-
Image via Wikipedia
Sometimes a series of great decisions can lead to a place where the best decision is a horrendously bad decision.
And you just don't realise. Boole algebra taught us early in school that a chain of good implications means the next implication will be pretty good too. Then again, not really. It might be bette to take a step back, look at the bigger bigger picture and make a totally new decision.
Very recently, hell, yesterday, this happened to me. Something nudged me from CEO mode into developer mode. To fully analyze this we have to go back to the beginning of this summer when we embarked on The Mission with Preona and finally started building LazyReadr after months of promises and figuring out if anyone's interested.
What happen?
One of the first decisions we made was to run everything on Google's App Engine. Mostly because we saw what a pain it was keeping a web service running realiably and we are expecting there to be quite a heavy load when we have to parse a lot of articles and stuff.
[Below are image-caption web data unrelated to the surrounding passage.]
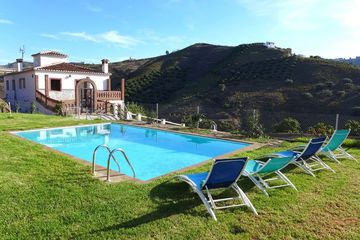 Casa Trinidad 1 - appartement in landhuis in Andalusië bij dorp, 20km van zee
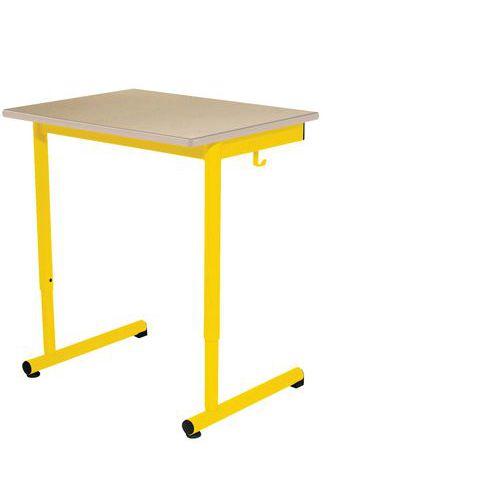 Illustration de : Table réglable Récré chants surmoulés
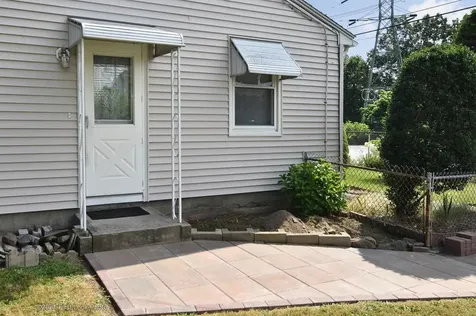 68 Maryland Avenue Pawtucket RI 02860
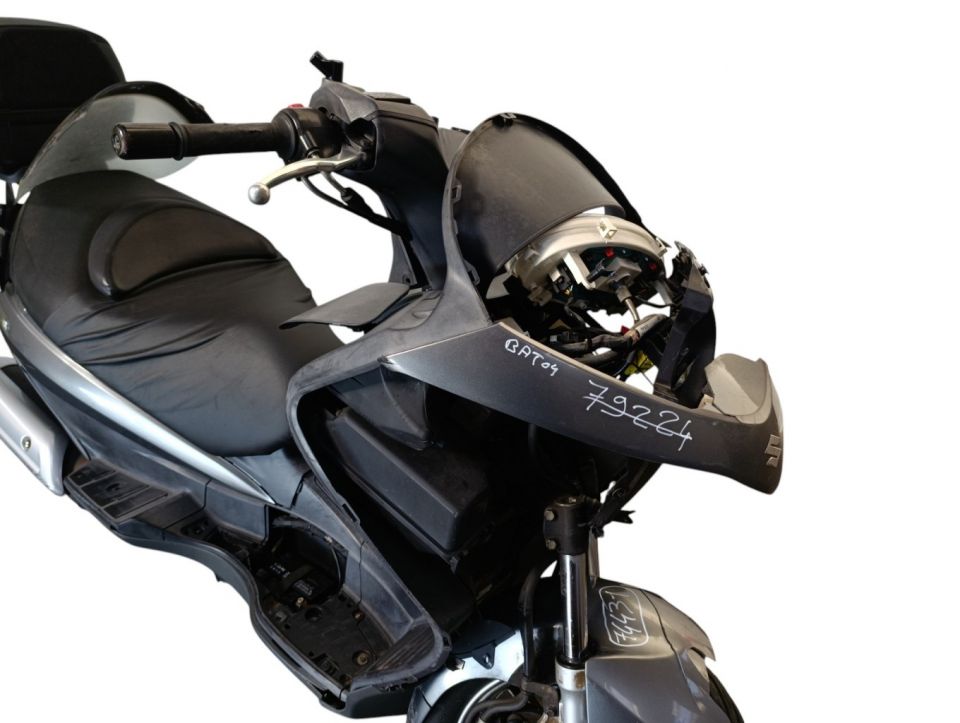 SUZUKI BURGMAN 125 4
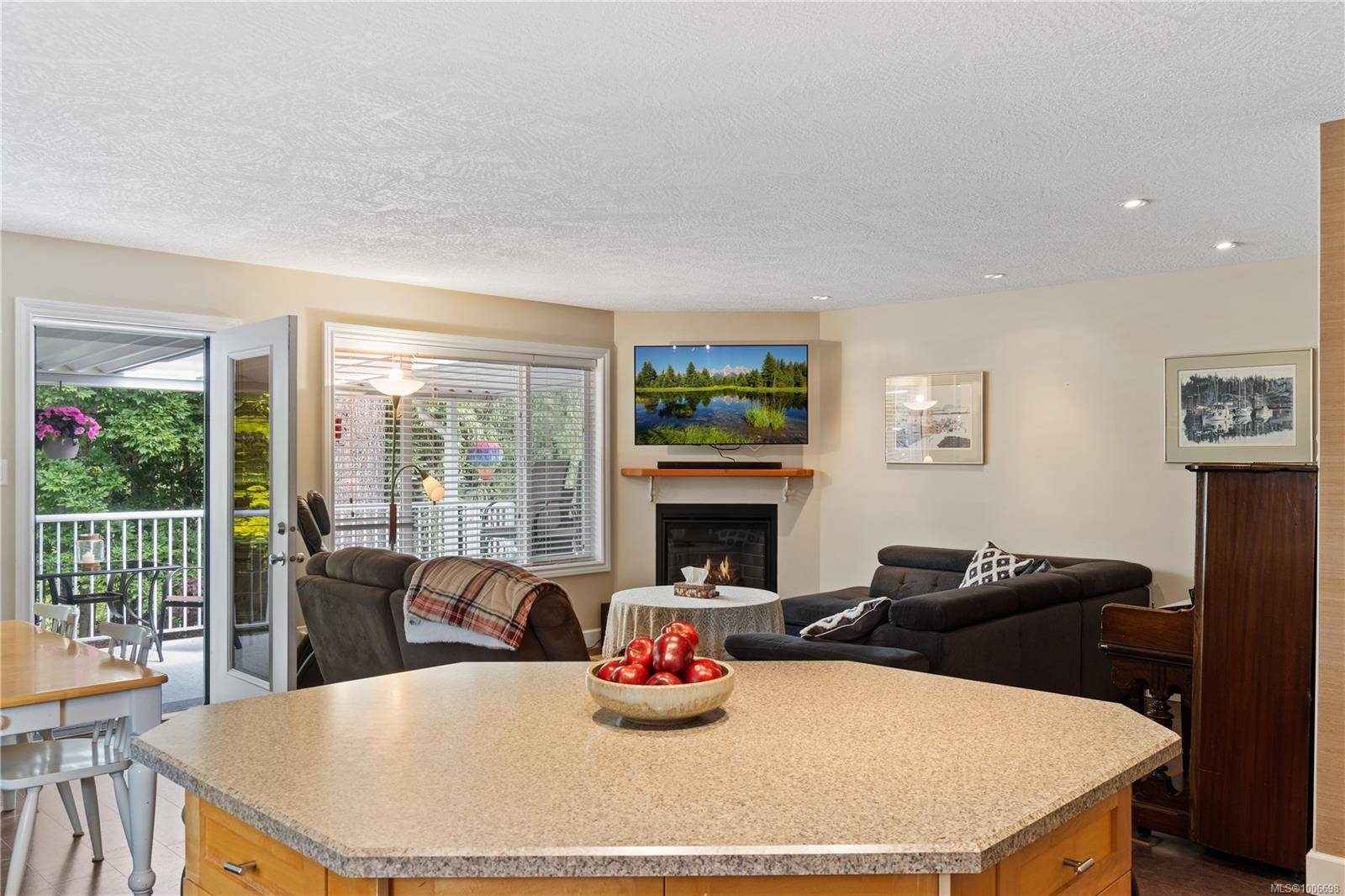 Nanaimo, BC V9T 4Z3,5524 Avro Way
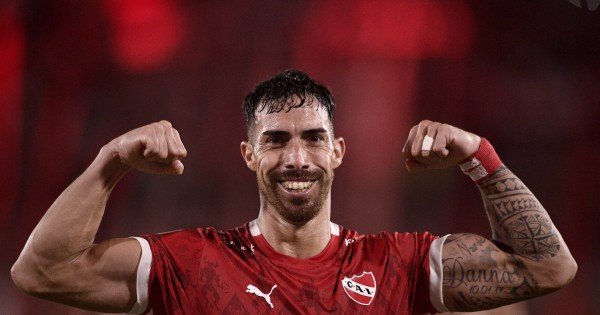 Independiente goleó a Vélez y es líder de la Zona B del Torneo Apertura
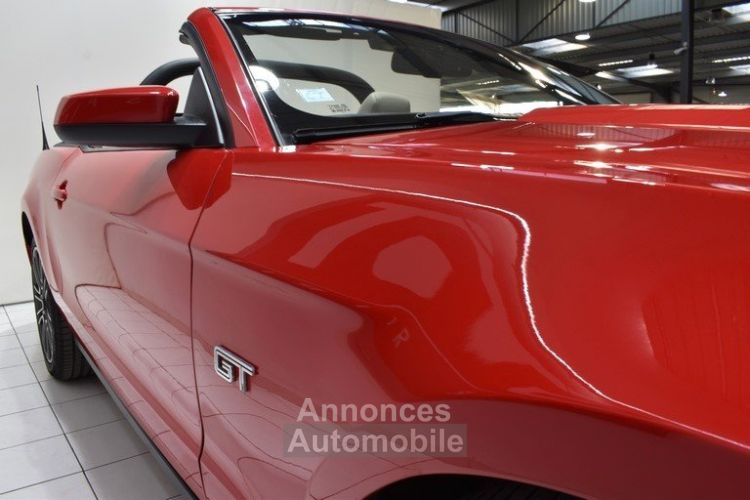 Ford Mustang GT V8 Cabriolet - <small></small> 32.900 € <small>TTC</small> - #22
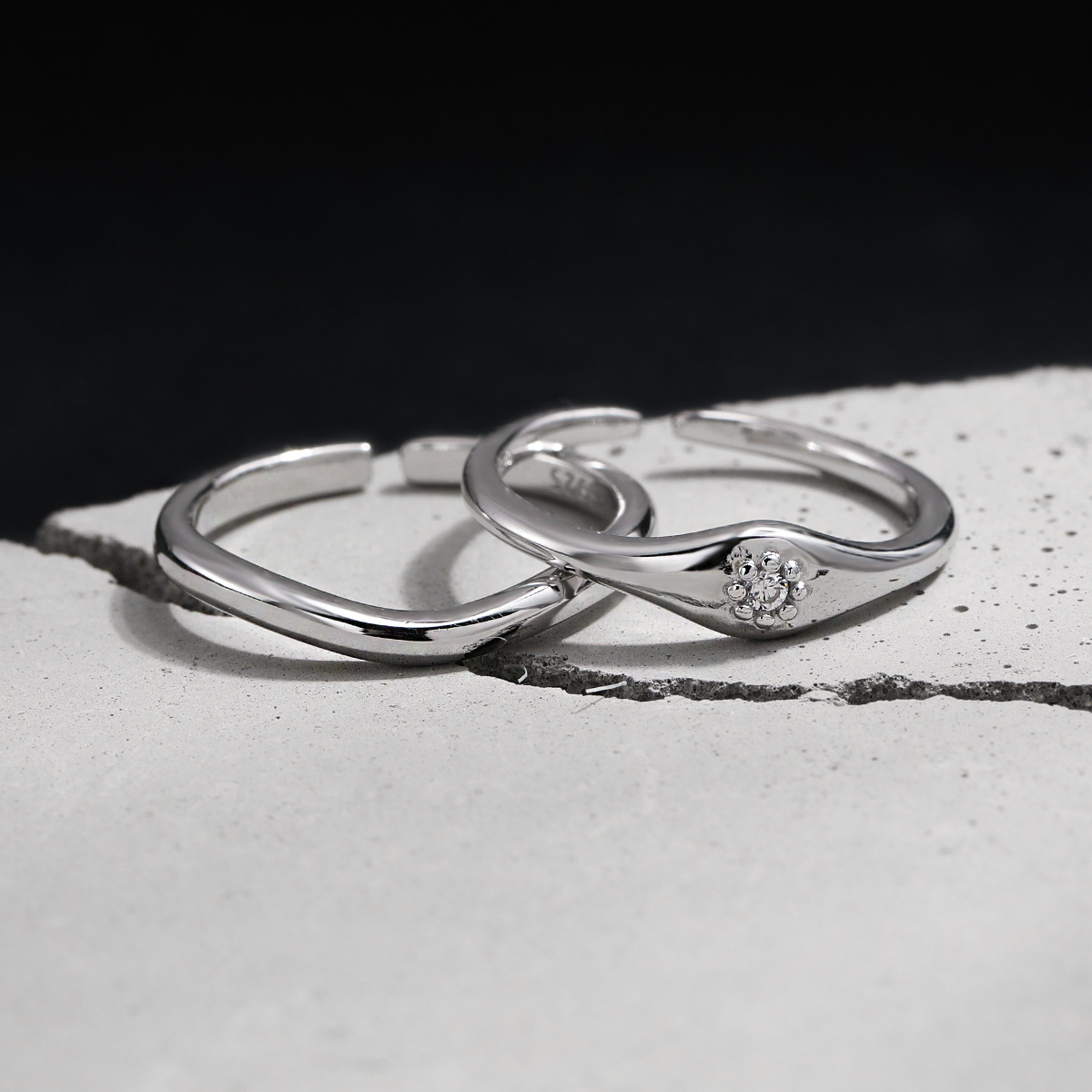 Minimalist Modern Geometric Wave 925 Sterling Silver Ring with Amazing Crystals Adjustable Ring view 2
Then somewhere in the middle of August it was time to start performing proper article scraping - taking a link and returning the main text without all the ads and navigation and other crap. After a few attempts with different services ranging from AlchemyAPI to a few different homebrew solutions we decided on Boilerpipe.
Boilerpipe is a Java library that does one thing and does it well - it extracts text from links. Great, java, so it runs on AppEngine and does what we need.
Fast forward two weeks and we realise that maybe this Boilerpipe thing isn't that great after all. Everything it does is return text. But we need to know when an article has 5 pictures in it, or subtitles, links ... stuff like that.
-
Image via Wikipedia
Since Boilerpipe can't do that and none of our homebrew solutions are good enough at finding content the only place left for us to go was Readability, an Arc90 "experiment", which just happens to be the best content extraction bookmarklet I have ever seen.
There's a catch though. It runs on javascript and rewriting all the code into python or java so we can run it server-side just isn't an option. Especially not when it's apparently under active development and we'd have to go to great lengths to keep up.
Welcome Rhino. A javasript engine that runs on Java.
Welcome Env.js. A fake browser implemented in JavaScript.
Combine the two and voila, we can load up a website into a fake browser running within a fake javascript environment and run readability just like it was in a browser! yay!
Well ... no. Stuff didn't work. Env.js was too big for Java. There were bugs. Problems. Lots of stuff. I toiled heavily for three weeks or so until I finally got it working. But by god I got it working!
Sure it took me understanding stuff about Env.js internals I never cared about. But I got it working!
Exhausted, I deployed the final code onto App Engine.
it died
The whole website in browser in javascript in java was just too slow. App Engine's 30s restriction was too much and everything just plain old died.
Dead end.
Effort wasted.
But then I started getting an idea. What about node.js? That's javascript. On the server. And it's fast! Surely I can run env.js in there and get everything working right?
Not exactly, but there is a project called jsdom.
Three hours later. Working web scraper. Except now it scrapes huge complex websites in a few seconds!
Hoorah! Then a day of patching up jsdom since it's a youngish project and everything doesn't work yet and we have a very sturdy scraper. Whoaw!
The lesson learned
expecting high load -> AppEngine -> Java -> Rhino -> Env.js -> not-working-project-and-several-weeks-wasted
alternative:
node.js -> jsdom -> stuff-works-in-a-day-of-work
So I guess what I'm trying to say besides the fact I'm sooper happy I got stuff working, is that I learned my lesson and that I shouldn't base my decisions solely on the previous decisions I've made. Even if all of them were good decisions by themselves.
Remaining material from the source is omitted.